Source data below:

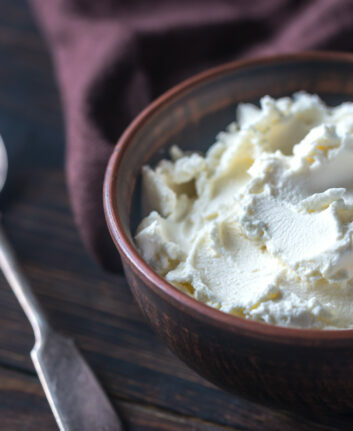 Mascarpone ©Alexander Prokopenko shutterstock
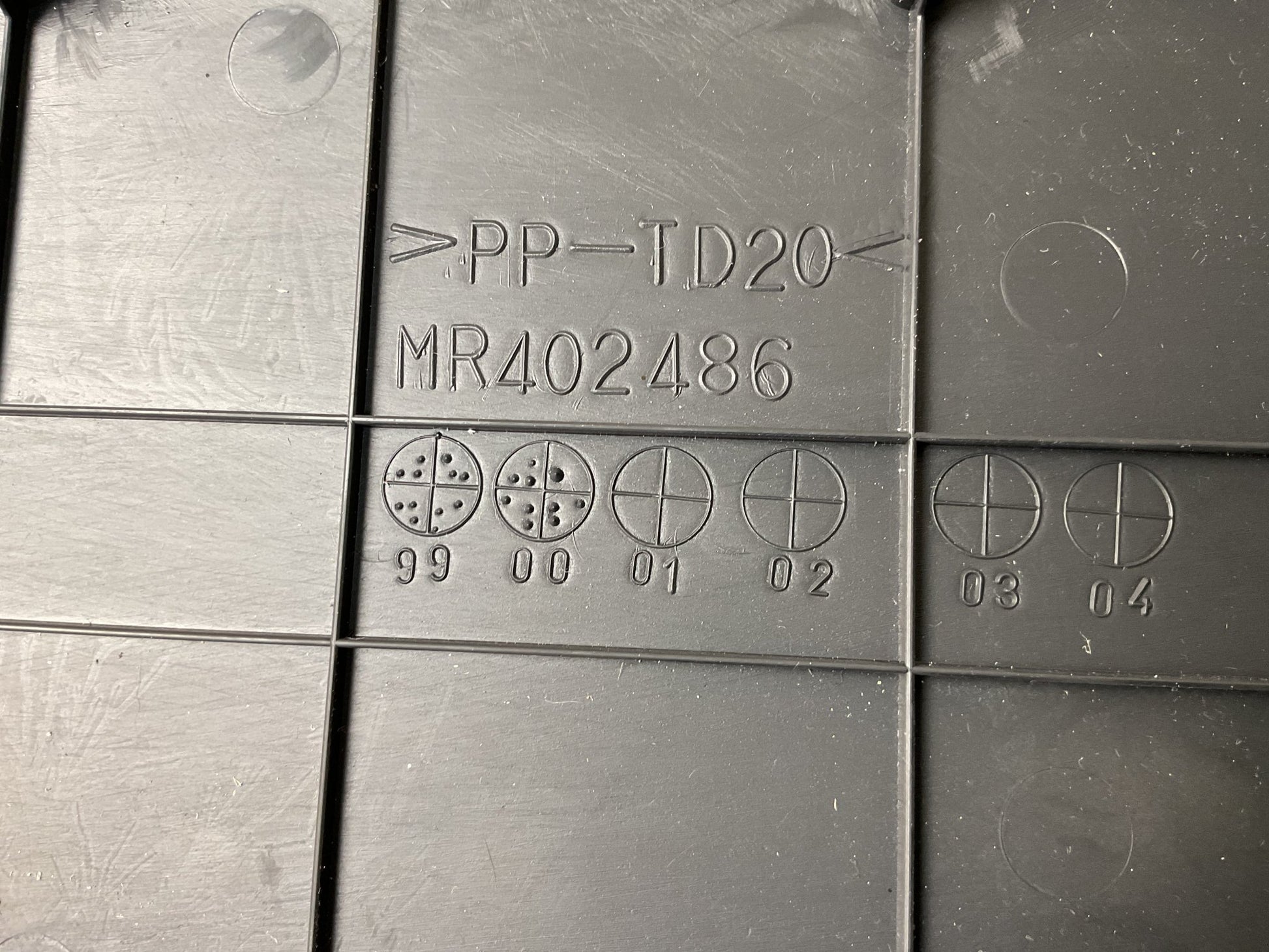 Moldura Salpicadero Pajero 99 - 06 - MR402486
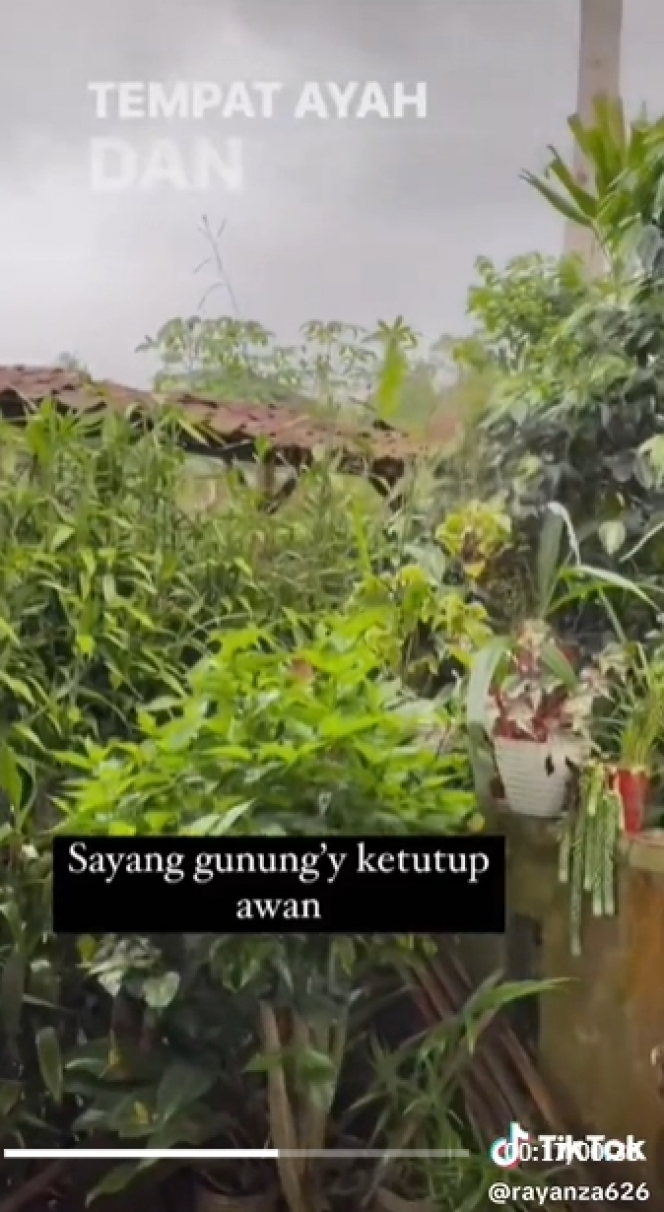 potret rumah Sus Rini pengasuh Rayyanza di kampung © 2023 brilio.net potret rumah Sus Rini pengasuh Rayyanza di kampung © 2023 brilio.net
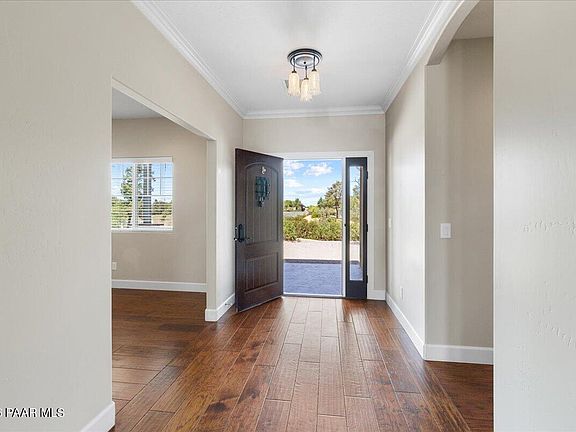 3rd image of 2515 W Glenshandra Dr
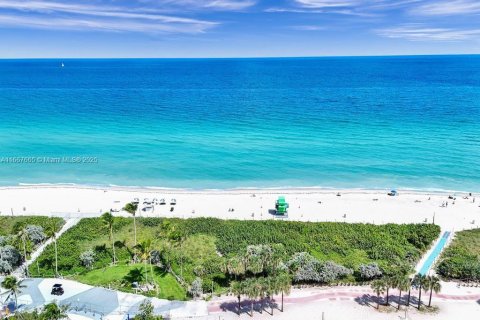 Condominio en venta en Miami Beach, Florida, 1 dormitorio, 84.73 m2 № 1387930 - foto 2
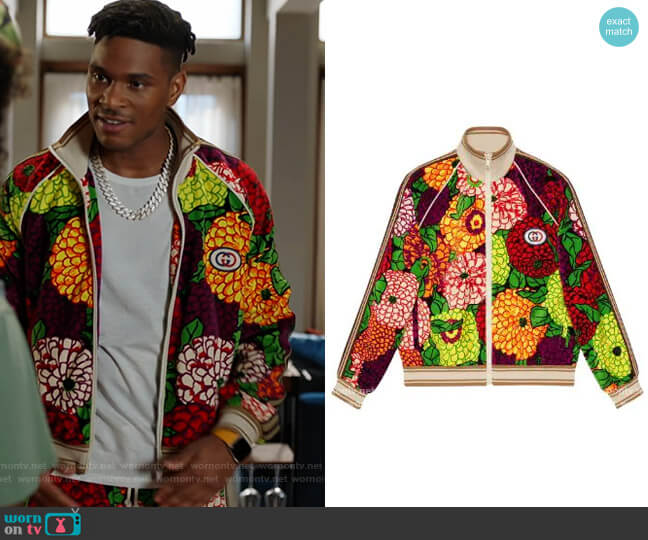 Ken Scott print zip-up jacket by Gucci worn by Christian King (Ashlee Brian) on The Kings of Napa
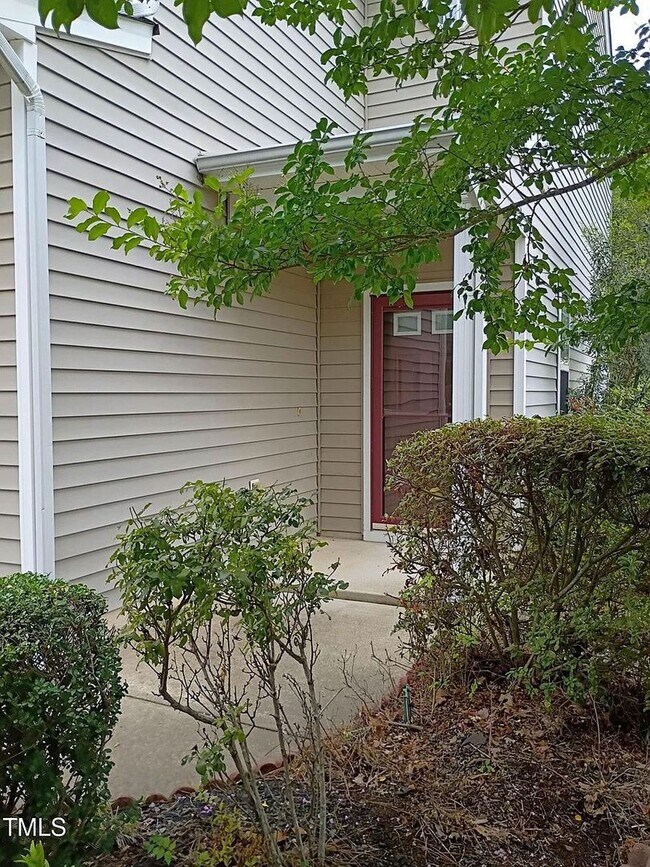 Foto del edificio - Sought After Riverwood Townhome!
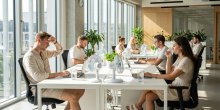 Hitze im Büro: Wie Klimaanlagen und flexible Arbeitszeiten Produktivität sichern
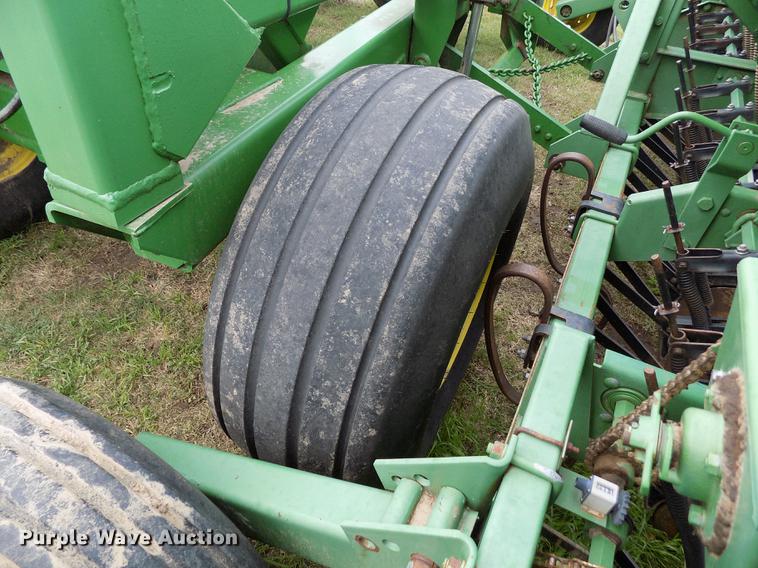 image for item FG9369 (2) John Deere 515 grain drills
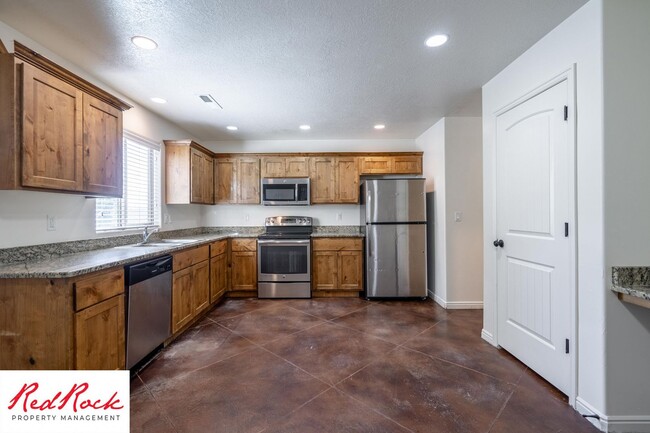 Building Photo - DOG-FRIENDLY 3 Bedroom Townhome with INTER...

End of Source data.

- Your assignment
Print from the line containing "3rd image of 2515 W Glenshandra Dr" through the line containing "Foto del edificio" in the data above, exactly as the lines stand, and omit every picture.

- Worked solution
 3rd image of 2515 W Glenshandra Dr
 Condominio en venta en Miami Beach, Florida, 1 dormitorio, 84.73 m2 № 1387930 - foto 2
 Ken Scott print zip-up jacket by Gucci worn by Christian King (Ashlee Brian) on The Kings of Napa
 Foto del edificio - Sought After Riverwood Townhome!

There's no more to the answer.